┌─ Stored data

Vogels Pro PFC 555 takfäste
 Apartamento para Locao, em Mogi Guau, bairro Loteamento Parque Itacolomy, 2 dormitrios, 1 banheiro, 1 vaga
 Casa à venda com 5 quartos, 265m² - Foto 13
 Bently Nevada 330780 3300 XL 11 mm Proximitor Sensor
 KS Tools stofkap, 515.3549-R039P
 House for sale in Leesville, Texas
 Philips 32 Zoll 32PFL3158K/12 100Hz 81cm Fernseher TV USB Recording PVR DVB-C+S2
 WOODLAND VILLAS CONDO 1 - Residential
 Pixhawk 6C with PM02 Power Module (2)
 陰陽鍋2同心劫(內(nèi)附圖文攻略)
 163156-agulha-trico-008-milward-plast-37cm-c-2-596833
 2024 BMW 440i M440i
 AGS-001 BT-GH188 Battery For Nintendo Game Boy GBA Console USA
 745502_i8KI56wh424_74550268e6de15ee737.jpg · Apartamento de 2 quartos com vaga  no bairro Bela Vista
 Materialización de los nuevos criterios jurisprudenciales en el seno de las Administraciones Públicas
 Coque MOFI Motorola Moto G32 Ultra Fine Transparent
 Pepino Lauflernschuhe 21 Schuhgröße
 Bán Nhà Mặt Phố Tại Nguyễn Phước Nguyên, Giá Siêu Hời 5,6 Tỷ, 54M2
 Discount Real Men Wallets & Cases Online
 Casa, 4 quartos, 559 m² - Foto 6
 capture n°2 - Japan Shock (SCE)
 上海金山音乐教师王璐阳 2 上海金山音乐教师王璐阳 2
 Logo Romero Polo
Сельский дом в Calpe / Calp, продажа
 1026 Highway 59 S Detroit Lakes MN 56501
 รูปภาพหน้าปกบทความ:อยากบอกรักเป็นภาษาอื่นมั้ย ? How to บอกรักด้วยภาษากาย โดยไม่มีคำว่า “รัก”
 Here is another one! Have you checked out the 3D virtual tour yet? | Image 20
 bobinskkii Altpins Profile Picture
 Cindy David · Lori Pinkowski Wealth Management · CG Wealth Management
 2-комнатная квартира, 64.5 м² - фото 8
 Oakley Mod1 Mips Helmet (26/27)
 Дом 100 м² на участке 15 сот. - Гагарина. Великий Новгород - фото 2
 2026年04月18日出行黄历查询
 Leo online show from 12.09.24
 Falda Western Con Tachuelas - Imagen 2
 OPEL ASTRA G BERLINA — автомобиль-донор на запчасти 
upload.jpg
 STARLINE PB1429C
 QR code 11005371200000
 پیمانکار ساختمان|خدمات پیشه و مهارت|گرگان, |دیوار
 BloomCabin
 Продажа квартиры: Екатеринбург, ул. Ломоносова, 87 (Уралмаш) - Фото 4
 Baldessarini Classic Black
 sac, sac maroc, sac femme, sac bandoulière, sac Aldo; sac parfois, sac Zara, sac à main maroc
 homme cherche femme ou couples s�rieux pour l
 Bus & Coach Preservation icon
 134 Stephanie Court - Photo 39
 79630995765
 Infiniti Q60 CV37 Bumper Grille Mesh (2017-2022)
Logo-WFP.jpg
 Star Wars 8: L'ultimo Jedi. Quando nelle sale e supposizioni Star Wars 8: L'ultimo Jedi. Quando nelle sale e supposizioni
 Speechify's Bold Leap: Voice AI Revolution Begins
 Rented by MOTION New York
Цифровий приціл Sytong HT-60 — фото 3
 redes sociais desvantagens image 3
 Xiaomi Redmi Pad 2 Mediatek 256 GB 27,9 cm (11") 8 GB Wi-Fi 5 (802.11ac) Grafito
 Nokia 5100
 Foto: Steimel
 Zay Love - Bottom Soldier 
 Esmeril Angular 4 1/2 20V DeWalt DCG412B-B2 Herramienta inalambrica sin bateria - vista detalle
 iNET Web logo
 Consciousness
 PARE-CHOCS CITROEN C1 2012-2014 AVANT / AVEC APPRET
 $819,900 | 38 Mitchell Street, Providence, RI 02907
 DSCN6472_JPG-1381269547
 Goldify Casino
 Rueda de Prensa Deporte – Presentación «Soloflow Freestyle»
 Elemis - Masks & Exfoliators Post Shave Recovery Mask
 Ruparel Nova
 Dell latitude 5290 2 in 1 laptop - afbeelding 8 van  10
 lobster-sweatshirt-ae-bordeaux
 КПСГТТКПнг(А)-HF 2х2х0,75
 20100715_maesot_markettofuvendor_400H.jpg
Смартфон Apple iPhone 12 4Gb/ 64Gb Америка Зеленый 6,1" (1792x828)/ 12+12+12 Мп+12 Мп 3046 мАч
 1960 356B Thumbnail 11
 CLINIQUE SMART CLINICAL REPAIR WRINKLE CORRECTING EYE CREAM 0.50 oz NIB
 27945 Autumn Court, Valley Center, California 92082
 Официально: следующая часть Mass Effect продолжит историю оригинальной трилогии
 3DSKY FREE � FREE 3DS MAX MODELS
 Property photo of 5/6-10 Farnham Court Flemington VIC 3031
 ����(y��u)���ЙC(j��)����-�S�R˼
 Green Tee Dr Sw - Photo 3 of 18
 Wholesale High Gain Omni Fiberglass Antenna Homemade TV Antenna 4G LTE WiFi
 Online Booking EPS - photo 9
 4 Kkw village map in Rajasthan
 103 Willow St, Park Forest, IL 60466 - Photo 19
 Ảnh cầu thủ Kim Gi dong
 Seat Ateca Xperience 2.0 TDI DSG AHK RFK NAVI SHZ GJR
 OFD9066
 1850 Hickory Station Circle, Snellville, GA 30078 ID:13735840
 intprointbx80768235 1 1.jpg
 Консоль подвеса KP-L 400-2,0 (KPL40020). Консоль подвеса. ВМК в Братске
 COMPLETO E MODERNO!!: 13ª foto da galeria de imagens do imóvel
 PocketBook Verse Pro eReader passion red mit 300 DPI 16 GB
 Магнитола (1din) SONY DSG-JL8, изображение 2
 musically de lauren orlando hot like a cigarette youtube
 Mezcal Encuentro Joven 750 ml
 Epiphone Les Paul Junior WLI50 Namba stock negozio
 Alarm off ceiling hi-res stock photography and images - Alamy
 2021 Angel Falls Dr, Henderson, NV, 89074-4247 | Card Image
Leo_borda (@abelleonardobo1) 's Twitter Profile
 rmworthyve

└─

**Exercise instructions:** Beginning with the line that contains "Смартфон Apple iPhone", restate word for word each line through the last one in the data, and write nothing more.

**Result of the task:**
Смартфон Apple iPhone 12 4Gb/ 64Gb Америка Зеленый 6,1" (1792x828)/ 12+12+12 Мп+12 Мп 3046 мАч
 1960 356B Thumbnail 11
 CLINIQUE SMART CLINICAL REPAIR WRINKLE CORRECTING EYE CREAM 0.50 oz NIB
 27945 Autumn Court, Valley Center, California 92082
 Официально: следующая часть Mass Effect продолжит историю оригинальной трилогии
 3DSKY FREE � FREE 3DS MAX MODELS
 Property photo of 5/6-10 Farnham Court Flemington VIC 3031
 ����(y��u)���ЙC(j��)����-�S�R˼
 Green Tee Dr Sw - Photo 3 of 18
 Wholesale High Gain Omni Fiberglass Antenna Homemade TV Antenna 4G LTE WiFi
 Online Booking EPS - photo 9
 4 Kkw village map in Rajasthan
 103 Willow St, Park Forest, IL 60466 - Photo 19
 Ảnh cầu thủ Kim Gi dong
 Seat Ateca Xperience 2.0 TDI DSG AHK RFK NAVI SHZ GJR
 OFD9066
 1850 Hickory Station Circle, Snellville, GA 30078 ID:13735840
 intprointbx80768235 1 1.jpg
 Консоль подвеса KP-L 400-2,0 (KPL40020). Консоль подвеса. ВМК в Братске
 COMPLETO E MODERNO!!: 13ª foto da galeria de imagens do imóvel
 PocketBook Verse Pro eReader passion red mit 300 DPI 16 GB
 Магнитола (1din) SONY DSG-JL8, изображение 2
 musically de lauren orlando hot like a cigarette youtube
 Mezcal Encuentro Joven 750 ml
 Epiphone Les Paul Junior WLI50 Namba stock negozio
 Alarm off ceiling hi-res stock photography and images - Alamy
 2021 Angel Falls Dr, Henderson, NV, 89074-4247 | Card Image
Leo_borda (@abelleonardobo1) 's Twitter Profile
 rmworthyve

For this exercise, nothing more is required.